Infelizmente, parte do jornalismo esqueceu a graça em algum extinto hebdomadário dos anos 70 e hoje não mais procura a voz rouca das ruas. Pois bem, mas aqui o espírito de alguns saudosos picaretas geniais continua saindo na foto, assim a gente pratica o saudável hábito de beber a fonte, quer dizer, ir direto até a fonte.
Por isso escutamos tudo o que jamais deveríamos ouvir, filtramos mal e porcamente essas tralhas todas e publicamos neste sítio. Jornalismo do bom, meu. Coisa fina, irmão. Minto. O treco é antropológico, misturando as raízes do Brasil com um pouco de anfetamina e fumando tudo na casa-grande e na senzala.

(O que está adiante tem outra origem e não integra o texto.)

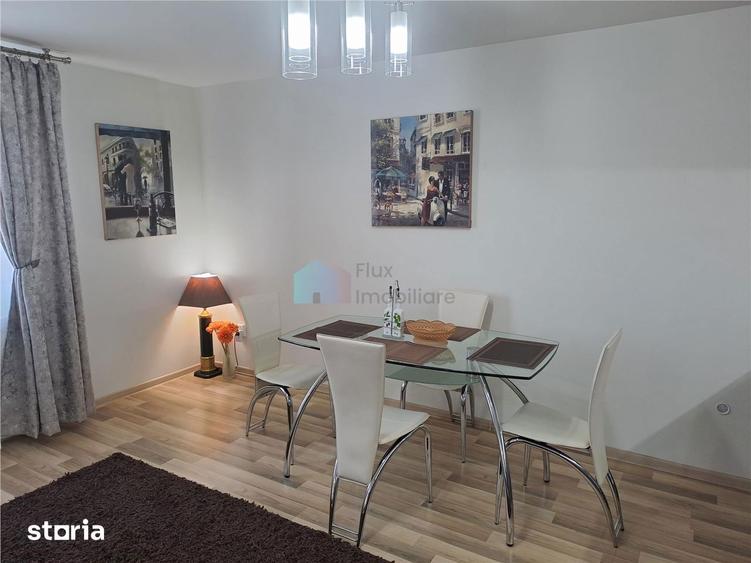Apartament cu 3 camere de lux in zona centrala - 9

Acabou aquela palhaçada de falar apenas sobre Brasil, Argentina, LulaGate, crise no Oriente Médio, filosofia, movimentos populares, qualidade das prostitutas tailandesas etc. Esquecendo a bola e a seriedade, eis aqui algumas polêmicas capazes de movimentar multidões. Pense nelas e você conseguirá papo por horas com qualquer público.

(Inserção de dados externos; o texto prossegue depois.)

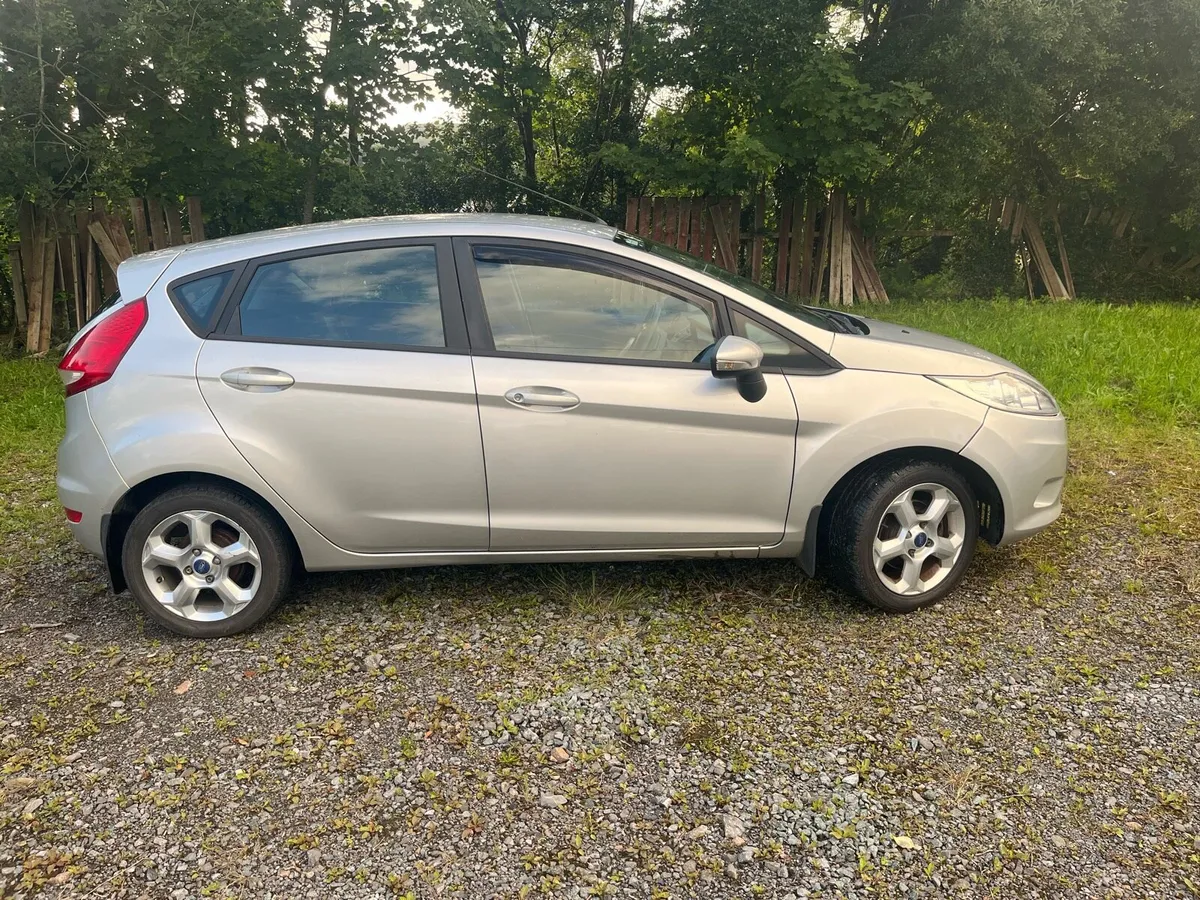 Ford festa 1.2 petrol - Image 4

1.Vocês já viram as fotos do novo super-homem? Certo, o negócio não é falar sobre o tradicional modelito da cueca por cima da calça. Este mote é velho e sem graça. O que vale é mandar ver na análise sobre o tamanho da mala do super-herói (com duplo sentido). Ok, o papo parece assim meio afrescalhado. Mas todos terão um palpite. O importante é deixar claro que você só pensou nisso quando viu escrito em algum lugar. Jamais porque deu uma espiada no pôster, se impressionou e ficou tremendamente arrasado.

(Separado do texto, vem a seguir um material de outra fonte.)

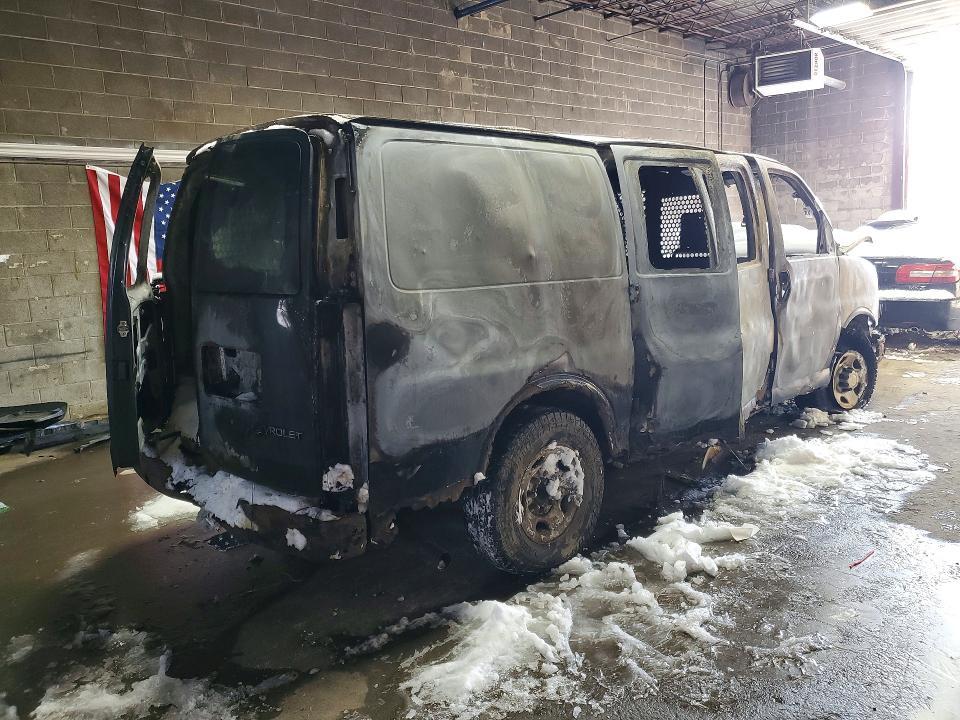 2006 Chevrolet Express G3500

2.Se um homem não está com fortes dores de barriga, existe algum motivo para ele beber chá? Li por aí que os portugueses discutem muito isso, principalmente porque não curtem os ingleses. De qualquer forma, é outro tema palpitante. Já vi pessoas se atracarem (certo, depois foram embora juntos e aos beijos) por discordarem quando essa pergunta aparece num debate. A questão também pode ser formulada de um jeito ainda mais provocativo: seguinte macacada, homem que bebe chá sem estar com piriri joga no outro time?
3.É possível perdoar alguém por transar de meias? Eis outra questão infalível. Quando todos estiverem meio cabisbaixos, solte a bomba. Ah, meu amigo, a mesa pegará fogo. Lembre-se de contar uma história bizarra envolvendo meias, seu melhor amigo e a mãe de alguém que todos conheçam. É infalível.
4.Quando tudo estiver irremediavelmente perdido, as mesas vazias e o chope aguado, sempre dá pra salvar a noite com esta questão quase poética: logo pela manhã é melhor fazer sexo antes ou depois de escovar os dentes? Há quem diga que toda aquela movimentação das bactérias noturnas produz um delicioso afrodisíaco bucal. Outros gostam do cheirinho de hortelã dos dentifrícios. Alguns nem sabem mais o próprio nome ao acordar com uma tremenda ressaca… Fato: todos a-do-ram misturar sacanagem e escatologia numa mesma sentença.
Enfim, fique com essas dicas e esquente a roda (sem trocadilho) de amigos. Eu sei, eu sei… Não precisa agradecer. Nós fazemos isso de graça porque ainda acreditamos no jornalismo.